Manufacturing has contributed so comprehensively to our quality of life that it’s almost impossible to pinpoint where the great leaps forward have occurred. Semiconductor manufacturing, for example, has followed Moore’s Law, doubling performance and halving costs every 18 months, and the trend is expected to continue. Biotechnology processes can now manipulate probabilistic yeast and other microorganisms to produce useful pharmaceuticals and vaccines. Nanotechnology promises to revolutionize the way that all goods are made in perhaps as few as 20 to 30 years.
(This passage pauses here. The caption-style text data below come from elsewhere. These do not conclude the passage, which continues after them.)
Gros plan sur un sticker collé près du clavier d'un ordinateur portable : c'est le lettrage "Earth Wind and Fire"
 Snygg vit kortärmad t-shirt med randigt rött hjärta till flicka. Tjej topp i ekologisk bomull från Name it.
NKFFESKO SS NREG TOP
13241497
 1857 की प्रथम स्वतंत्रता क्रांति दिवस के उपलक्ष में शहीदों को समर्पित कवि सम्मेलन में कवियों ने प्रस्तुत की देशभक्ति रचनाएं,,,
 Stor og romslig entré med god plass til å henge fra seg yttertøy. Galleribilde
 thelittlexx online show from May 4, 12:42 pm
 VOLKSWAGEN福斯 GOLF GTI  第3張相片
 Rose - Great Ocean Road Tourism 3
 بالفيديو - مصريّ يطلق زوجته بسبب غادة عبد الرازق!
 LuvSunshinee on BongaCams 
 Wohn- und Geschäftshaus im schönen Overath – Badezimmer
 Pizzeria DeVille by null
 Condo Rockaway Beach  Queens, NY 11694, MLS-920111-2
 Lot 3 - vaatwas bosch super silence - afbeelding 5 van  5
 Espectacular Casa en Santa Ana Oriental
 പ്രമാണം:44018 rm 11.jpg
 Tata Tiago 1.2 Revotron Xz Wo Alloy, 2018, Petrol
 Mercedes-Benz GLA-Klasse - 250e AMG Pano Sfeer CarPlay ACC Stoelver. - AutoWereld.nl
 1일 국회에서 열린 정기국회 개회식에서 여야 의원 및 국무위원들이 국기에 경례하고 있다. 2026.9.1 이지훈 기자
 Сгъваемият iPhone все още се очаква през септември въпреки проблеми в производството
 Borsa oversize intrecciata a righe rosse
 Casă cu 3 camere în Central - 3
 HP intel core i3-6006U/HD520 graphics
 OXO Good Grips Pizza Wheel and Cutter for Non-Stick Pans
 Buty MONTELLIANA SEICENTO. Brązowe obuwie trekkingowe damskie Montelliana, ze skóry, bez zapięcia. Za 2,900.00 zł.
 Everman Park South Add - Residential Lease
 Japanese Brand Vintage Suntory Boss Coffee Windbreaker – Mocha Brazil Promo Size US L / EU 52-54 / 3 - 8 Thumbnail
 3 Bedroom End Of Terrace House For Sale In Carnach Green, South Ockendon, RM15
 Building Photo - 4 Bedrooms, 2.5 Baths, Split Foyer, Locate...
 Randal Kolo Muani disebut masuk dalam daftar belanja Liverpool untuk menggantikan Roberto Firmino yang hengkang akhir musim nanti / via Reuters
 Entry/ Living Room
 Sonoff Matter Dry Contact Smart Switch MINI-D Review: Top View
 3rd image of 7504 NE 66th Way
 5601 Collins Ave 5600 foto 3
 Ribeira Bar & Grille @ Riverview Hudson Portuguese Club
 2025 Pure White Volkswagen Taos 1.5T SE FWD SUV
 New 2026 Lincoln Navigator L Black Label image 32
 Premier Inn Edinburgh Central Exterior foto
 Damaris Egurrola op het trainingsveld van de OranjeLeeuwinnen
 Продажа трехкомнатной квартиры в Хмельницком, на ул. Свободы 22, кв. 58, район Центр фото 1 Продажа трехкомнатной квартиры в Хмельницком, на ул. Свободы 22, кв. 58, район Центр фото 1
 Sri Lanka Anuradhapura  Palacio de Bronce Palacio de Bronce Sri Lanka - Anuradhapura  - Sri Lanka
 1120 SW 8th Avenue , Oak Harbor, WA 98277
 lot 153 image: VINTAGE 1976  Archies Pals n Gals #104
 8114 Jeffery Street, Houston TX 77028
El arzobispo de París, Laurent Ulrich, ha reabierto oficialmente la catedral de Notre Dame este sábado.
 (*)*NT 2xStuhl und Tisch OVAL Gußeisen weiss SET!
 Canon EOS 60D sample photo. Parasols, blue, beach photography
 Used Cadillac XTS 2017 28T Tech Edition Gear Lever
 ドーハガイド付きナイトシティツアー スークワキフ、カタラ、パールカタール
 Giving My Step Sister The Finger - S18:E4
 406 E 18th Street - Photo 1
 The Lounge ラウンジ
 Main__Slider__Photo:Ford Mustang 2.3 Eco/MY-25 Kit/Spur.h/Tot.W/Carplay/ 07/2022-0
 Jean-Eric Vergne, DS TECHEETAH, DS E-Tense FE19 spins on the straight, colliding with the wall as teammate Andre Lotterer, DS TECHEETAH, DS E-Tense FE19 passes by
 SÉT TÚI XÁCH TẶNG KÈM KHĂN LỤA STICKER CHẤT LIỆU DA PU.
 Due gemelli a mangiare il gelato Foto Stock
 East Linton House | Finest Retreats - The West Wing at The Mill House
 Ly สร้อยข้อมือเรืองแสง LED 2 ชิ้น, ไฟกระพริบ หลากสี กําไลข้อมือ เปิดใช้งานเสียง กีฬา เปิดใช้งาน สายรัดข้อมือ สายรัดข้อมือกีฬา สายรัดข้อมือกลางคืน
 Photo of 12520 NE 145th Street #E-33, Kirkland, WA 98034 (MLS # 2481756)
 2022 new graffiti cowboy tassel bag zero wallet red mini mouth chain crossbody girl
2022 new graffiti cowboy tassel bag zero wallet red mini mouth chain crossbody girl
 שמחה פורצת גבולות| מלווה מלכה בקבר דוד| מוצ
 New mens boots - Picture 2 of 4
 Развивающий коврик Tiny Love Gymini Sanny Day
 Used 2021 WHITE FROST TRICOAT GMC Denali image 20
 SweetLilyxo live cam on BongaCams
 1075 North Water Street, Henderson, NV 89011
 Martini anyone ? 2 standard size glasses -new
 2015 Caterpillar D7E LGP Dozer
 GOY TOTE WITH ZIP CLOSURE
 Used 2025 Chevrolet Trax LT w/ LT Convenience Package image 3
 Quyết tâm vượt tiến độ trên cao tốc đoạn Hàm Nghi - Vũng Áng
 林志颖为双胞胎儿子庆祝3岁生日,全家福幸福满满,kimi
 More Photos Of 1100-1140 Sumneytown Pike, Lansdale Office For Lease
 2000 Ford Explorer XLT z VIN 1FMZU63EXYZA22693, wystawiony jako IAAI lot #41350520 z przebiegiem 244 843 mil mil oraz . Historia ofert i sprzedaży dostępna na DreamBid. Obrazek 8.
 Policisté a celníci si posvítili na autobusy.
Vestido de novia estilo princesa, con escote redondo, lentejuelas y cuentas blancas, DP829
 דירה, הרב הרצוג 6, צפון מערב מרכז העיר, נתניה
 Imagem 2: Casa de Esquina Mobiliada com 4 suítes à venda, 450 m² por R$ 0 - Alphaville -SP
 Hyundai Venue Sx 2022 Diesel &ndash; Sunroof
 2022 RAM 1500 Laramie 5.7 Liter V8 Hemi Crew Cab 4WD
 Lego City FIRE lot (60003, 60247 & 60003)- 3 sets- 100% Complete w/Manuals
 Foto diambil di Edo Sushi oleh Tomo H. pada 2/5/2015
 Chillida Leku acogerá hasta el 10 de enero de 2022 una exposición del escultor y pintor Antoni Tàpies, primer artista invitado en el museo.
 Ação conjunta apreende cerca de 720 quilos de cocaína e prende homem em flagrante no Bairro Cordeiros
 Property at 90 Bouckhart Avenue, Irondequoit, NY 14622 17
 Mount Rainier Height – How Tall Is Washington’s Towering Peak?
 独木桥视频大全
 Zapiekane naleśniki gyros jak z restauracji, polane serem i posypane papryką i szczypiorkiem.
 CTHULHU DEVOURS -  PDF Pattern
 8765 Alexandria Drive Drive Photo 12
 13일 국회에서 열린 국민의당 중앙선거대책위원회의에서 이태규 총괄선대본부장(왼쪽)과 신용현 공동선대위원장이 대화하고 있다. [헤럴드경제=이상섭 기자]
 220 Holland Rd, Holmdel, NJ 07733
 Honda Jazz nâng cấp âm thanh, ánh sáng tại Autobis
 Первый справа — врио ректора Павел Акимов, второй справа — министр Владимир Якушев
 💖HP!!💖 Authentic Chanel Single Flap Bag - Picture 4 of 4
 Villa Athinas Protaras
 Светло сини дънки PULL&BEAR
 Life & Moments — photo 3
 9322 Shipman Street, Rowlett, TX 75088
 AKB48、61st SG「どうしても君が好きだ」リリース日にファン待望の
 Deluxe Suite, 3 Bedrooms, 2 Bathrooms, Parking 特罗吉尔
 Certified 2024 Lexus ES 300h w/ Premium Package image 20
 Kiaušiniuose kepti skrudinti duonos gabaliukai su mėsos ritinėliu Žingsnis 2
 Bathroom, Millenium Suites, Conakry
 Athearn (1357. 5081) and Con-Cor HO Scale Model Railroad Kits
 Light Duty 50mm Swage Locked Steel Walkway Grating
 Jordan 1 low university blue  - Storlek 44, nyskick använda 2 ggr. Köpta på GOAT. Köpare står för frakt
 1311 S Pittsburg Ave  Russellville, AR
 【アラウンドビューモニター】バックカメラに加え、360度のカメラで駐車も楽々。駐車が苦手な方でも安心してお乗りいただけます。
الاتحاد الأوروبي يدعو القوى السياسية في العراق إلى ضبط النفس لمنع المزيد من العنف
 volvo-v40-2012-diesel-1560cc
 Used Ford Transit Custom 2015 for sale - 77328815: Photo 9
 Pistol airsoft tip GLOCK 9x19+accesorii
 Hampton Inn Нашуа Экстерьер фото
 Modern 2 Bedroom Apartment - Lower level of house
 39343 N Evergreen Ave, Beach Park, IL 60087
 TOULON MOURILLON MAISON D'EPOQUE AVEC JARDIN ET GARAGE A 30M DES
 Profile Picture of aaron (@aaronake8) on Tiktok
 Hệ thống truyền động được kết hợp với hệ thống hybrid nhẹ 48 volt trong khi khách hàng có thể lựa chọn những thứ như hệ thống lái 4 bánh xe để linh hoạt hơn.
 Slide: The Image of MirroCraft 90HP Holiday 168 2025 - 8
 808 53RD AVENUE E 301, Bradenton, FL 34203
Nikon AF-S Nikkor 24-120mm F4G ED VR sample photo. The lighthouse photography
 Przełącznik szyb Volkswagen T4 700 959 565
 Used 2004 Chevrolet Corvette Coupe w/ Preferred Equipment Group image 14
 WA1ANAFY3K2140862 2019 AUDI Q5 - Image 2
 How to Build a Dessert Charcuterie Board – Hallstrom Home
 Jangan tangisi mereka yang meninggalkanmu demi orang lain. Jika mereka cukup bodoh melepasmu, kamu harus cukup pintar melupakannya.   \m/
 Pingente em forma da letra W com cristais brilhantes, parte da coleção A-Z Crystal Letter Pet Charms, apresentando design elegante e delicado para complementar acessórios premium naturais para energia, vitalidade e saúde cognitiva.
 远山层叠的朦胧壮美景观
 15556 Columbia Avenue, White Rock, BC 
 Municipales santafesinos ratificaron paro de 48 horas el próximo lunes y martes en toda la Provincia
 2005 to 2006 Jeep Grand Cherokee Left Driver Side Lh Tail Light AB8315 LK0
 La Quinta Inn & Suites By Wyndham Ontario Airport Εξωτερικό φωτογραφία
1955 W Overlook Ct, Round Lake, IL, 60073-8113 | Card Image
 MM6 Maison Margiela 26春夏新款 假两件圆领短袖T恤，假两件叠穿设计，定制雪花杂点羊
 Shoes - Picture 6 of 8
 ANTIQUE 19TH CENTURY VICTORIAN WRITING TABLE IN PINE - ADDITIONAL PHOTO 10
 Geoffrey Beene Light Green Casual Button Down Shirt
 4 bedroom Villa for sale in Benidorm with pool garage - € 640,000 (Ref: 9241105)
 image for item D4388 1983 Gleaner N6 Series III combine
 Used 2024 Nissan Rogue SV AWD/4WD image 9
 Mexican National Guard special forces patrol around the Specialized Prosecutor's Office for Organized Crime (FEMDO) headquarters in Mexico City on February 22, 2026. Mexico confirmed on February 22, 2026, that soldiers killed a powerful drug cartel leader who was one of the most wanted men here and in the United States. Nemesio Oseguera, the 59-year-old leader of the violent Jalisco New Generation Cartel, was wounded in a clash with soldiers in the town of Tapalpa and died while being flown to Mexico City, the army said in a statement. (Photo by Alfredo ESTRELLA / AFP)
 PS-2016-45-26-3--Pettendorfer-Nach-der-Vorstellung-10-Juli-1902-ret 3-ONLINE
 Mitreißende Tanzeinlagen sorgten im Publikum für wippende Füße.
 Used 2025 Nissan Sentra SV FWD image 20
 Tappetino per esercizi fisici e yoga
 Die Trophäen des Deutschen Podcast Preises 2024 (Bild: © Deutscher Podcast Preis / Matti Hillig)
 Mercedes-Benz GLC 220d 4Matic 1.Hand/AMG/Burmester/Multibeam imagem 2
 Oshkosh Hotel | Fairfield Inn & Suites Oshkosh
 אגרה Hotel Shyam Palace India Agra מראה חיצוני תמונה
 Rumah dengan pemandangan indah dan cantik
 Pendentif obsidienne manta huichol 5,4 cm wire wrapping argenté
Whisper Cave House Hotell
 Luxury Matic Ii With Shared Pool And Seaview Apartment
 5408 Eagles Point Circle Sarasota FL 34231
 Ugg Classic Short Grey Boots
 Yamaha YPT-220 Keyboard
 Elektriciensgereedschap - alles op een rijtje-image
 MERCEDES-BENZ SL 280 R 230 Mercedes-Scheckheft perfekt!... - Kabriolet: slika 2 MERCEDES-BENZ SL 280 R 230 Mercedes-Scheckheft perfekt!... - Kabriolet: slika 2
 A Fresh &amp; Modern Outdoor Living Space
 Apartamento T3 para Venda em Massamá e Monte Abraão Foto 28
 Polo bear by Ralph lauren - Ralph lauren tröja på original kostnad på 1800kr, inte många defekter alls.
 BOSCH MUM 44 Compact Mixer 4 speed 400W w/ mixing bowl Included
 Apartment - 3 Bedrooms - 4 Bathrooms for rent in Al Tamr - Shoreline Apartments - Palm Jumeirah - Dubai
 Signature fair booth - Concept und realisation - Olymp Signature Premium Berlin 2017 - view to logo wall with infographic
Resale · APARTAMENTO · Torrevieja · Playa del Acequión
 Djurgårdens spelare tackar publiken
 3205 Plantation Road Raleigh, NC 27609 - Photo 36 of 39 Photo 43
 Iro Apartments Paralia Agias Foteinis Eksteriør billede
As it has in the past, manufacturing in the future will require companies to produce consistently excellent outcomes for customers and society. Regardless of where they’re located, manufacturers will have to manage uncertainty with sophistication. Methods to manage production, quality, cost, cycle time, and safety have been critical in past decades, and they’ll continue to be so in the future. Manufacturing will be driven by the marketplace in ways that will test organizations’ abilities to produce at high volumes while keeping costs down and supply chains lean.

What are the next great leaps for manufacturing? Here are some scenarios to watch:

Volatility in the marketplace, caused by changes in customer demands, will test manufacturers’ abilities to respond. Companies will have to change work practices and keep pace with technology so that they can react quickly enough to remain profitable. Volatility will place continued cost pressure on operations to combat dwindling margins. As a result, successful organizations will have to grow revenue and shrink costs faster than their competitors.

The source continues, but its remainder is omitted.